Most ‘Before and After’ photos you see circulating magazines, TV and social media embrace extreme weight loss. My ‘Before & After’ is quite the opposite and embraces Self Love and a life worth living. The picture you see before you embraces nothing but the strength of Acceptance, Self Love and Peace. It emphatically captures a healthy mind, body, heart and soul.
The image on the left shows me at around 50kg, severely Anorexic, hair snapped off, barely able to stand up and nearly at death’s door after battling years of mental illness and Anorexia. In stark contrast, the image on the right shows a healthy me in 2014 after nearly eight years of recovery/ healing and a life saving weight gain of over 35kgs. There is not a minute that goes by that I am not thankful and blessed to be alive.

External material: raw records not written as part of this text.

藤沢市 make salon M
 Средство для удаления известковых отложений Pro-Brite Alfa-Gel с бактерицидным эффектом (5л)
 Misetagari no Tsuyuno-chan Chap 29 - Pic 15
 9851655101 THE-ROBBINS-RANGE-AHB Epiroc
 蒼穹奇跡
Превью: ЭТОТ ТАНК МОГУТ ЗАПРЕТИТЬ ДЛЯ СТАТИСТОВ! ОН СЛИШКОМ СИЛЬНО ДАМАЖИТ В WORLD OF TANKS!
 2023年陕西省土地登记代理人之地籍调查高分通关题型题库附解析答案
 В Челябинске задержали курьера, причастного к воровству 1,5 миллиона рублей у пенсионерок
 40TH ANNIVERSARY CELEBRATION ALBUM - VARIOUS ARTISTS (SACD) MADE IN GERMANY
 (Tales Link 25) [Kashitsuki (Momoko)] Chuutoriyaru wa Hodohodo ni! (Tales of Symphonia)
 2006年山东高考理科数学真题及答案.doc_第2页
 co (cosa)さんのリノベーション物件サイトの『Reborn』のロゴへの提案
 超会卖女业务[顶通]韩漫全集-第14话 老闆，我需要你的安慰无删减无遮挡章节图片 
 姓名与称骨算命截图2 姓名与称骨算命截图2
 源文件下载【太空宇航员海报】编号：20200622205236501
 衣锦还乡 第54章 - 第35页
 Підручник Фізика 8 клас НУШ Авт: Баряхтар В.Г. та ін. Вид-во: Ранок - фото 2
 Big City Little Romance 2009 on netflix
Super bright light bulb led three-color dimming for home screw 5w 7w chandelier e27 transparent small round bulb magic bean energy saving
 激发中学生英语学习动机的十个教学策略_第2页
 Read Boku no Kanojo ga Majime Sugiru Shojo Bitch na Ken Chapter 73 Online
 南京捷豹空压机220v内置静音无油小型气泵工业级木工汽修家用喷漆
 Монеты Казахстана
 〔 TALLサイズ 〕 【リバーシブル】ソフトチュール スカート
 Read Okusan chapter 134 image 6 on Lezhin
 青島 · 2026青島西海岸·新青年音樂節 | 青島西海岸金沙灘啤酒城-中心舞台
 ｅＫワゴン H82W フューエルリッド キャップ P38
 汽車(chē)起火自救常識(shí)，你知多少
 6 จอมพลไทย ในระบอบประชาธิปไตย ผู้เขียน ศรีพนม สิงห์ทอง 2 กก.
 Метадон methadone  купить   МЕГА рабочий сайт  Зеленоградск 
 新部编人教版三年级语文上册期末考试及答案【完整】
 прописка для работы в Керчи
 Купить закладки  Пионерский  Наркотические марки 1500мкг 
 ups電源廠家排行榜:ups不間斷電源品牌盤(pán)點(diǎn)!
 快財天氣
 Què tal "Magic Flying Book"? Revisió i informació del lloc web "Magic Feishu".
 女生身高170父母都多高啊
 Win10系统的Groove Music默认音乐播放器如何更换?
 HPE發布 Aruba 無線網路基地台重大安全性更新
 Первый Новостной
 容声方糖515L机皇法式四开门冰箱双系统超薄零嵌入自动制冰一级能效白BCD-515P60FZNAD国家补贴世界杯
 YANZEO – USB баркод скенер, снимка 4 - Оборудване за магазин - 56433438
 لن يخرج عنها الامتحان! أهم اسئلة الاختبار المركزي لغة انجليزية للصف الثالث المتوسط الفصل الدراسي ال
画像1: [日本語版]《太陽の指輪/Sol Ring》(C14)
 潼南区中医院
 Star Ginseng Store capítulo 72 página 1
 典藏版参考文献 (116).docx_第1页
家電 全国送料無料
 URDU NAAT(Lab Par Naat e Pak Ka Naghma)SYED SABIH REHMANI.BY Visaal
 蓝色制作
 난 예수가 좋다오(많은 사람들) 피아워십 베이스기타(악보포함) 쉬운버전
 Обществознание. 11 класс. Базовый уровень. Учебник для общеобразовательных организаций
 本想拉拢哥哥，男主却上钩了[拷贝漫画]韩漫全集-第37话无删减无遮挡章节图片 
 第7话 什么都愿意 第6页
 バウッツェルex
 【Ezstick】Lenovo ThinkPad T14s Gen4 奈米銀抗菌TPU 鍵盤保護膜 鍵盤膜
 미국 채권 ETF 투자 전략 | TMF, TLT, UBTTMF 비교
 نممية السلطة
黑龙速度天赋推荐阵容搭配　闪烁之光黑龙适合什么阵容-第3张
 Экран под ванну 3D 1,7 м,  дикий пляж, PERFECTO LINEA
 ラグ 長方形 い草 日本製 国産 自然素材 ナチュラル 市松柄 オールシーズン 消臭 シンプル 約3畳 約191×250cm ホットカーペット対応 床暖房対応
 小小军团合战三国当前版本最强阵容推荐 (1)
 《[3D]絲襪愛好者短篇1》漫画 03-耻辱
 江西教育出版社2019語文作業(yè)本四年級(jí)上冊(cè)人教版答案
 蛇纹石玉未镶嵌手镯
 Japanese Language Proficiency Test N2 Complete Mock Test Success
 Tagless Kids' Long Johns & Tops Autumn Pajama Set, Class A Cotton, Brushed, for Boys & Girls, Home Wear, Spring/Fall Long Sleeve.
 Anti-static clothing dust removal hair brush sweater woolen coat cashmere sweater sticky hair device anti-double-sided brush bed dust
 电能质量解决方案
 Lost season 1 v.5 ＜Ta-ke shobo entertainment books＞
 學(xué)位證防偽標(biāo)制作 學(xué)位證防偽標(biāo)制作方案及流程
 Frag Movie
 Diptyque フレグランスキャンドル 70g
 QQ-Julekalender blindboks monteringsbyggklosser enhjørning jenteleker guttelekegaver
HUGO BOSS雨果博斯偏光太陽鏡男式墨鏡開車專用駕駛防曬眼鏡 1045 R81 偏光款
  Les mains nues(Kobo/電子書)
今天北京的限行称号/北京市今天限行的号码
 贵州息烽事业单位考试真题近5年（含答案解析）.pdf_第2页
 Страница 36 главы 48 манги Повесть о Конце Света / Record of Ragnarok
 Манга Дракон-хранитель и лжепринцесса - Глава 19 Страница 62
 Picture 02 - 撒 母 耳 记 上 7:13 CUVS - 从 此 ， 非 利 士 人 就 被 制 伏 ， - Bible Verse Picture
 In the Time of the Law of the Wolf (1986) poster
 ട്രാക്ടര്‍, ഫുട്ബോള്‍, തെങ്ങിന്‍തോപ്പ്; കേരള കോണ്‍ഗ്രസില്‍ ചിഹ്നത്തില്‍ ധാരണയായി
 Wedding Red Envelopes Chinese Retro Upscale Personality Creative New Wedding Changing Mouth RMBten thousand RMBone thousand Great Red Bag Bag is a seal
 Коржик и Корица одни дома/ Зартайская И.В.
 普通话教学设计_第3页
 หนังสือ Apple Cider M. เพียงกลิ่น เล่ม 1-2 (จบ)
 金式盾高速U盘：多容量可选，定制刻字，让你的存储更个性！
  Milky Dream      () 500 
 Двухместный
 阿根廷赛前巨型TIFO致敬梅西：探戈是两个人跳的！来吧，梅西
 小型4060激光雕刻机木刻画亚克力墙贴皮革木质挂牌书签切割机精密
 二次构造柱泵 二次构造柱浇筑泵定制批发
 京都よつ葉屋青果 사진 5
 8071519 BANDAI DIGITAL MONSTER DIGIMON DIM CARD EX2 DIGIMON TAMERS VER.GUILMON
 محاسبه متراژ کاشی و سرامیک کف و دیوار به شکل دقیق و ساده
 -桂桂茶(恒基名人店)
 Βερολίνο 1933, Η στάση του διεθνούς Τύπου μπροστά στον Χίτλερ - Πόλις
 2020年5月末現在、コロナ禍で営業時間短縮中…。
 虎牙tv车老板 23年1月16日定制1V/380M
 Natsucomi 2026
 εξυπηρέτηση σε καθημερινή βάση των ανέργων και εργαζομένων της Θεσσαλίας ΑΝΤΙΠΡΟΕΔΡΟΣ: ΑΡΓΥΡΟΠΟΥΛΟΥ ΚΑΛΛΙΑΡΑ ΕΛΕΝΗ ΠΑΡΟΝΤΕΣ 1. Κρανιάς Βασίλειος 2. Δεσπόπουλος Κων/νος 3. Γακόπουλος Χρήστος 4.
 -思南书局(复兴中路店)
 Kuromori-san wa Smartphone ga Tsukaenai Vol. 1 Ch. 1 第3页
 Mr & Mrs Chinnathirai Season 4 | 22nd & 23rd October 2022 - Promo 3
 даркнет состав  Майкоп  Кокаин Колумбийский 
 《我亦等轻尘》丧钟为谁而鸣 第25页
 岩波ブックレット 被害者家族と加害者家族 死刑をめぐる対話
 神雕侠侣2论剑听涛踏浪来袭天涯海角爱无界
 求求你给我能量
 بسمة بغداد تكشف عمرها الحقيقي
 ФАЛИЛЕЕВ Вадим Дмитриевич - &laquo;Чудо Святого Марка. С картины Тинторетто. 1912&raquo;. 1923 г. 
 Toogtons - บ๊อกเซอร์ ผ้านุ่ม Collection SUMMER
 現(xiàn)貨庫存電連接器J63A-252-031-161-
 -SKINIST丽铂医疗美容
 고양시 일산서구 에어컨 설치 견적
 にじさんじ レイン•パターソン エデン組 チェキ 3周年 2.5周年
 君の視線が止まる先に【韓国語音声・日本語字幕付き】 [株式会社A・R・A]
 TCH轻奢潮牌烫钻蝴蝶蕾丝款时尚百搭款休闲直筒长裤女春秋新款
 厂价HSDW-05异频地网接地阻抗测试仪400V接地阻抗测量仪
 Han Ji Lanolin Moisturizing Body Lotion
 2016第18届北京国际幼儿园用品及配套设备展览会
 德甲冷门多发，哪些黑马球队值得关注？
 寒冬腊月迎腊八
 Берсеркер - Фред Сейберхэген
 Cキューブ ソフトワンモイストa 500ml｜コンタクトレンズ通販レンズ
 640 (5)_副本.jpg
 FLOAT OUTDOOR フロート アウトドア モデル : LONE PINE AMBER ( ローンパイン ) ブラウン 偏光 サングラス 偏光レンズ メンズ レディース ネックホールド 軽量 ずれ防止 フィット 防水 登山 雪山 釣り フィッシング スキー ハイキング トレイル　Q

Eating three meals a day is the most natural and common thing in the world and yet for me, it was simply impossible. For over seven years I simply could not eat. My heart was linked to my appetite and it was broken, catapulting me onto the devastating and debilitating path of Anorexia, Anorexia Athletica, Addiction and Suicide. Not one morsel of food could ever be consumed and I welcomed Alcoholism into my life just to numb the pain of my heart. Thrashing my body with a trifecta of extreme exercise, fanatical starvation and heavy drinking became my everything while trying to conceal and mask the pain of my heart. For over seven years nobody, not even my family could pull me from the darkness and my insanity derailed into suicide. In 2008, a beautiful ‘Traumatic Blessing In Disguise’ pulled me from the wreckage that was my life awakening my unconscious heart. For this I am dearly thankful.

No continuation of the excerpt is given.